**Work task**
The pictures are to be left out, and all remaining data is to be transcribed exactly as it appears.

**Entries supplied**
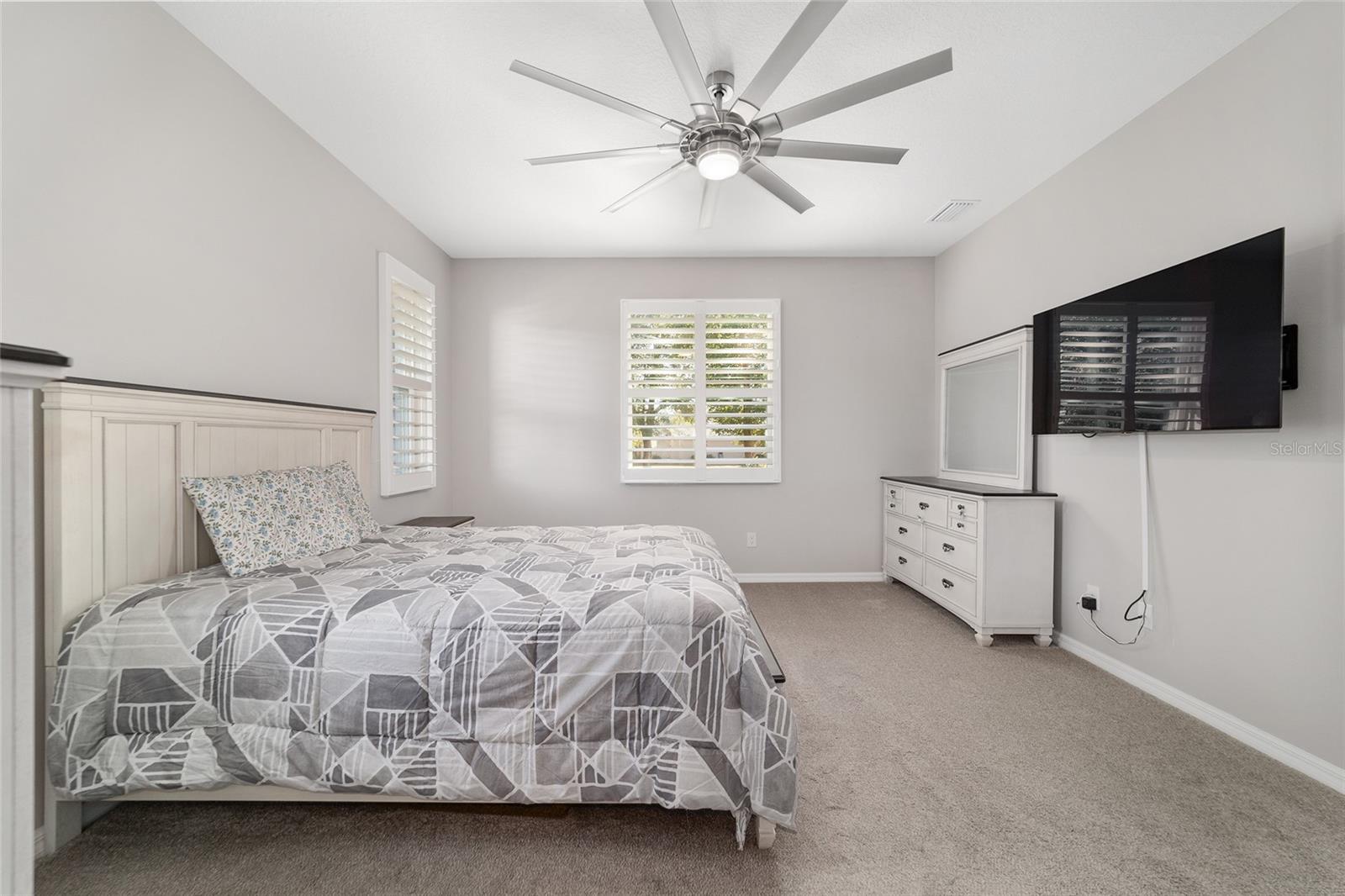 822 NW 45TH PL, OCALA, FL, 34475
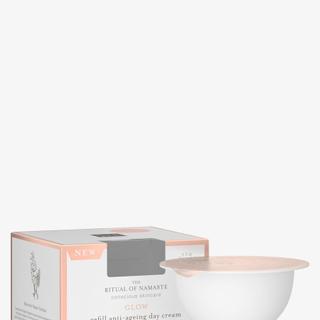 73f3b785-368f-4a3c-8d64-cfca5fb73fd2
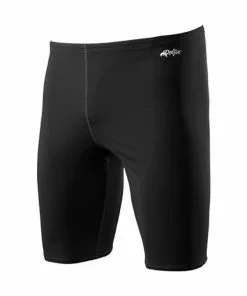 Swimwear Dolfin Solid Polyester Jammer 79 Swimwear Dolfin Solid Polyester Jammer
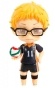 ������� Nendoroid 616 Haikyuu!!: Kei Tsukishima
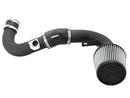 aFe Takeda Stage 2 Cold Air Intake (Pro DRY S) – 2010–2011 Mazda 3 2.5L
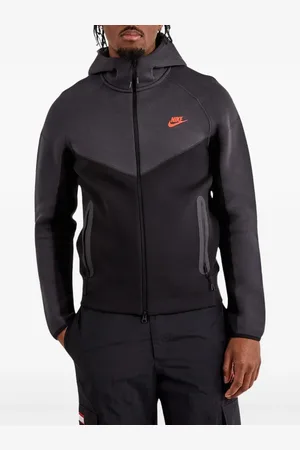 Nike Veste Tech Fleece Windrunner 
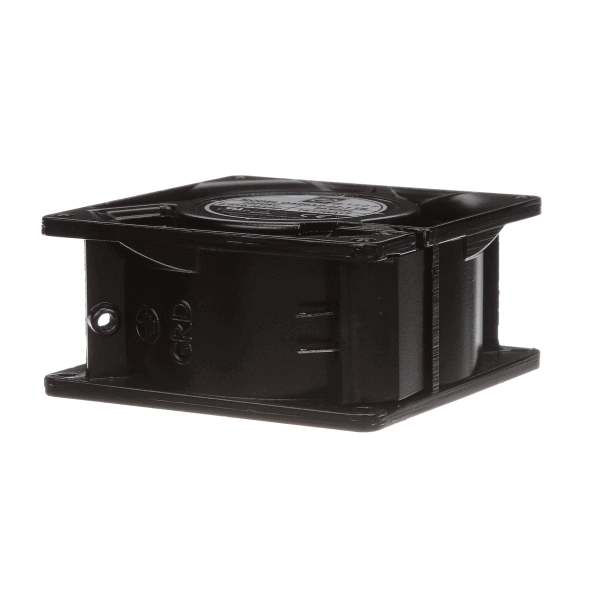 Barker 304273 Fan (BRK304273) Each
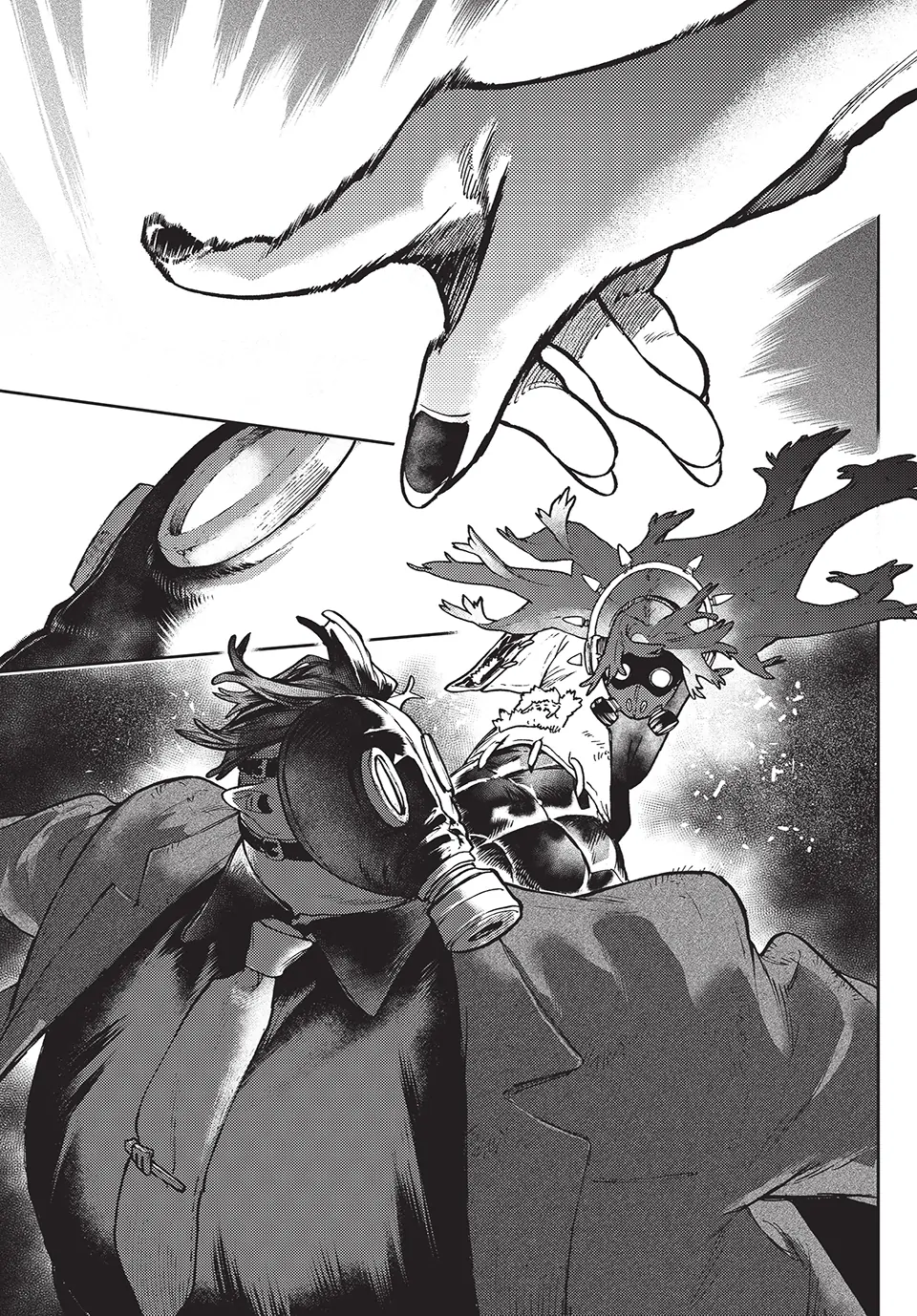 Page 1 of Chapter 106
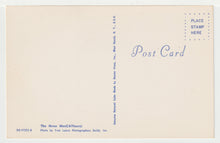 Load image into Gallery viewer, Cute Kittens - Vintage Original Postcard # 1472 - New - 1970's - NM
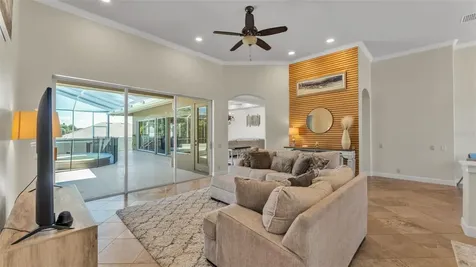 5135 Highlands Lakeview Loop Lakeland FL 33812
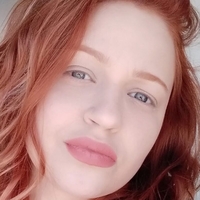 sophiaredhead Nude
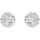 Amor Ohrstecker 2016405 Silber 925 0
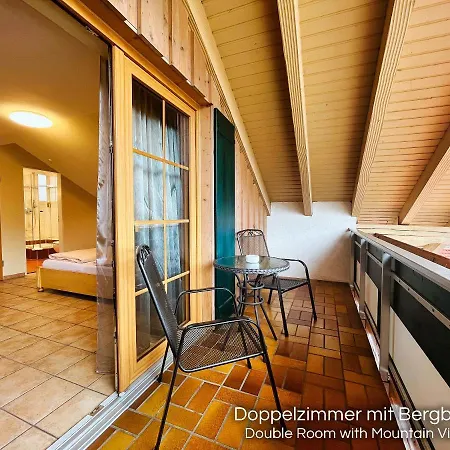 Gasthof Guglhupf Schwangau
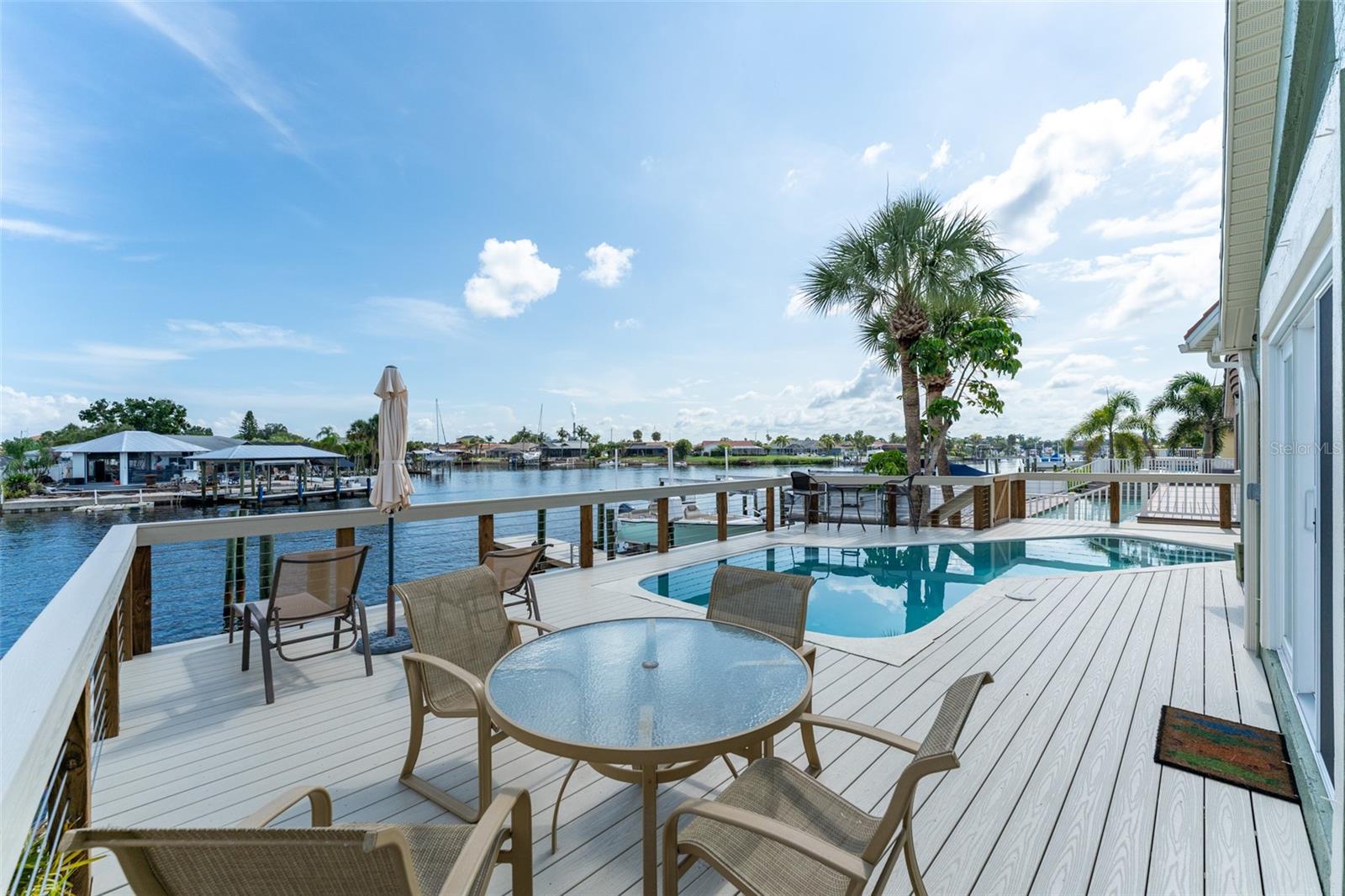 835 SYMPHONY ISLES BLVD — photo 3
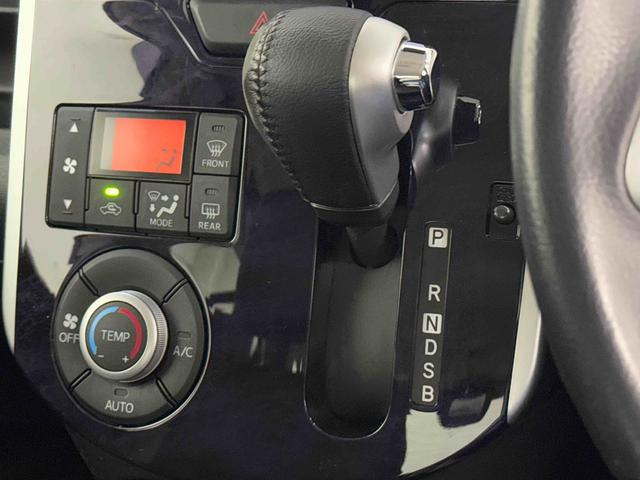 タントカスタムＲＳ　トップエディションＶＳ　ＳＡIII保証　まごころ保証　１年間・走行距離無制限付き（東京都）の中古車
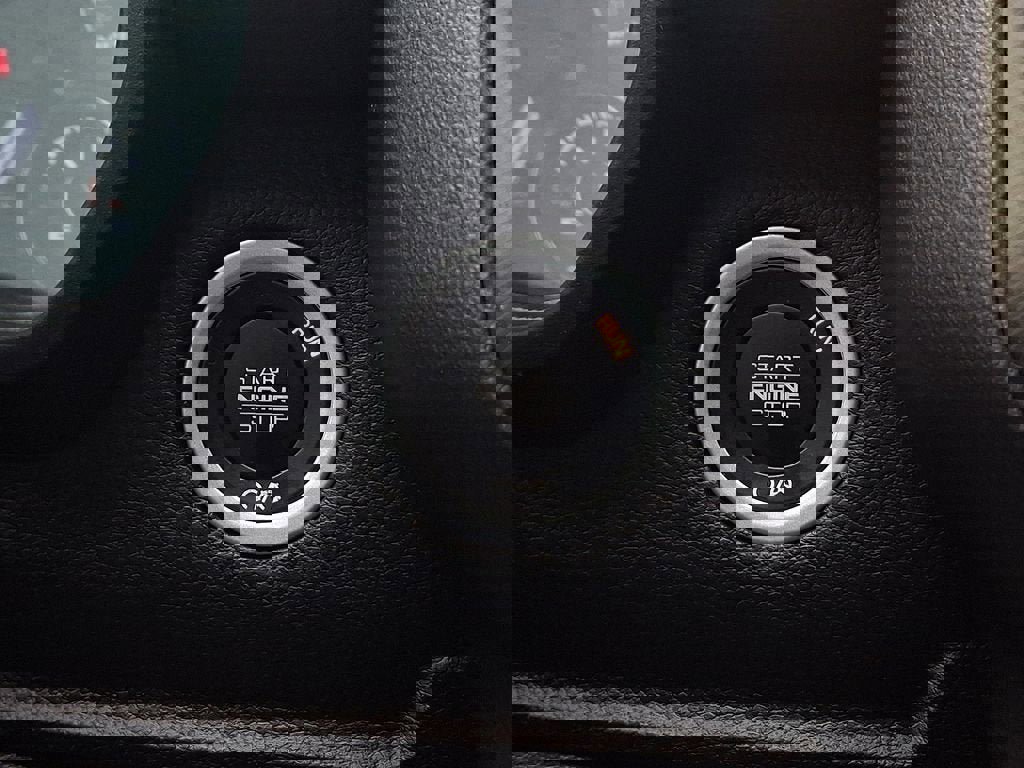 Used 2020 RAM 1500 Rebel w/ Rebel Level 1 Equipment Group image 24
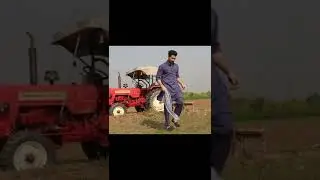 Afsoos Deep Sidhu death road accident Rip🥺😭DEEP SIDHU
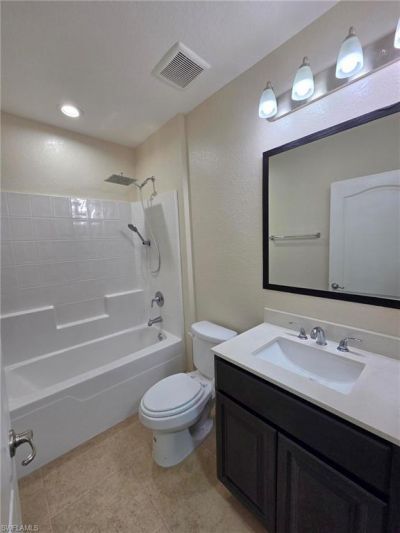 1104 NW 24th Ave, Cape Coral, FL 33993 Photo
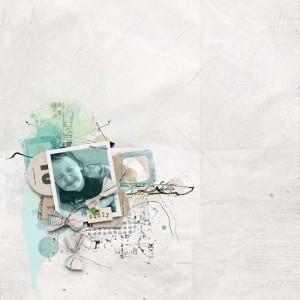 RJefferies-april-challenge-zaley-silly-redone-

**Task result**
 822 NW 45TH PL, OCALA, FL, 34475
 73f3b785-368f-4a3c-8d64-cfca5fb73fd2
 Swimwear Dolfin Solid Polyester Jammer 79 Swimwear Dolfin Solid Polyester Jammer
 ������� Nendoroid 616 Haikyuu!!: Kei Tsukishima
 aFe Takeda Stage 2 Cold Air Intake (Pro DRY S) – 2010–2011 Mazda 3 2.5L
 Nike Veste Tech Fleece Windrunner 
 Barker 304273 Fan (BRK304273) Each
 Page 1 of Chapter 106
 Load image into Gallery viewer, Cute Kittens - Vintage Original Postcard # 1472 - New - 1970's - NM
 5135 Highlands Lakeview Loop Lakeland FL 33812
 sophiaredhead Nude
 Amor Ohrstecker 2016405 Silber 925 0
 Gasthof Guglhupf Schwangau
 835 SYMPHONY ISLES BLVD — photo 3
 タントカスタムＲＳ　トップエディションＶＳ　ＳＡIII保証　まごころ保証　１年間・走行距離無制限付き（東京都）の中古車
 Used 2020 RAM 1500 Rebel w/ Rebel Level 1 Equipment Group image 24
 Afsoos Deep Sidhu death road accident Rip🥺😭DEEP SIDHU
 1104 NW 24th Ave, Cape Coral, FL 33993 Photo
 RJefferies-april-challenge-zaley-silly-redone-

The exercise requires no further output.